(Washington) Un mouvement d’extrême droite dont les adeptes lourdement armés ont perturbé les récentes manifestations antiracistes aux États-Unis est soudain devenu l’un des premiers sujets d’inquiétude des autorités américaines depuis qu’un d’entre eux a tué deux policiers en Californie.

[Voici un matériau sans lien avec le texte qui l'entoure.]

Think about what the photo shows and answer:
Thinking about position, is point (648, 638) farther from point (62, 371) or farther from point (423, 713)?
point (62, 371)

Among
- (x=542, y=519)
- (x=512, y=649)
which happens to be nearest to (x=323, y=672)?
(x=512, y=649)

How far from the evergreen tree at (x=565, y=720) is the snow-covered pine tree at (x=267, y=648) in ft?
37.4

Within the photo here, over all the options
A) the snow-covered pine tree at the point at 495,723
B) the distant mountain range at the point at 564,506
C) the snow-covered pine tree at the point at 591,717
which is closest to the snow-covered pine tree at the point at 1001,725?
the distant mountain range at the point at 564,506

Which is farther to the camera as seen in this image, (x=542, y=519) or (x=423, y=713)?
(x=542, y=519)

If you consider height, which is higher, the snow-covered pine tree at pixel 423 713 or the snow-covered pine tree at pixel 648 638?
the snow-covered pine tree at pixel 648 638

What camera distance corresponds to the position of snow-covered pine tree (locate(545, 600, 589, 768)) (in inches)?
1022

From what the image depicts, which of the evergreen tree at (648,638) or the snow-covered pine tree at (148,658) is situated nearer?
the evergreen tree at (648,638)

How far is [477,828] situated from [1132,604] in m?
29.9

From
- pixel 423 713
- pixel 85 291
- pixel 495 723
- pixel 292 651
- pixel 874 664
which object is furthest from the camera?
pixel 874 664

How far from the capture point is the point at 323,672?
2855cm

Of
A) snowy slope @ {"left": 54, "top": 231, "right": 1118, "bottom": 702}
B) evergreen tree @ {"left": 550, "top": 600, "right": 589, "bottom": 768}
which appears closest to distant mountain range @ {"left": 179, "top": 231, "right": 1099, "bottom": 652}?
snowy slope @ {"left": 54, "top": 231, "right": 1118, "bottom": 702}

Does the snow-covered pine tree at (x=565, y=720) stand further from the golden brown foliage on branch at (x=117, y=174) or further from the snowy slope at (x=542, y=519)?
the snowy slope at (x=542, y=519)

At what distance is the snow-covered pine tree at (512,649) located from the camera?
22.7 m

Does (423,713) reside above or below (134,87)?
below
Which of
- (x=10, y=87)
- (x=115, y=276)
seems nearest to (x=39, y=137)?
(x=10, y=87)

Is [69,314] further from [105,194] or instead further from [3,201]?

Rares sont ceux qui avaient entendu parler du mouvement « Boogaloo » avant cette année. Mais mardi, un sergent californien de l’armée de l’air lié à ce groupe, Steven Carillo, a été inculpé du meurtre d’un policier de la ville d’Oakland durant une récente manifestation contre le racisme et les violences policières le 29 mai.

Huit jours plus tard, sa camionnette a été retrouvée plus au sud, près de la ville de Santa Cruz. Lorsque les policiers se sont approchés de sa résidence, il les a pris en embuscade et a tué un second agent.

Steven Carillo, qui possédait chez lui et dans sa camionnette des armes, munitions et de quoi fabriquer une bombe, a écrit « boog » sur le capot de son véhicule, avec son propre sang, au moment de son arrestation.  

C’est le deuxième cas d’arrestation de militants de ce groupe d’extrême droite en lien avec le mouvement de protestation historique ayant suivi la mort de George Floyd, asphyxié sous le genou d’un policier blanc à Minneapolis le 25 mai.  

À Las Vegas, trois adeptes du mouvement Boogaloo ont été inculpés début juin d’incitation à la violence lors de marches pacifiques fin mai. Ils étaient notamment en possession d’un cocktail Molotov.

D’autres membres de ce mouvement anti-gouvernement, qui promeut la guerre civile et raciale, ont été arrêtés ces derniers mois.

Un membre du mouvement a été arrêté le 11 avril au Texas après avoir posté sur les réseaux sociaux une vidéo dans laquelle il annonçait qu’il allait tendre une embuscade à un policier et le tuer.

À Denver, dans le Colorado, un autre adepte a été arrêté le 1er mai en possession d’une bombe artisanale avant une manifestation contre les restrictions de mouvements dues à la pandémie de coronavirus à laquelle il avait prévu de participer.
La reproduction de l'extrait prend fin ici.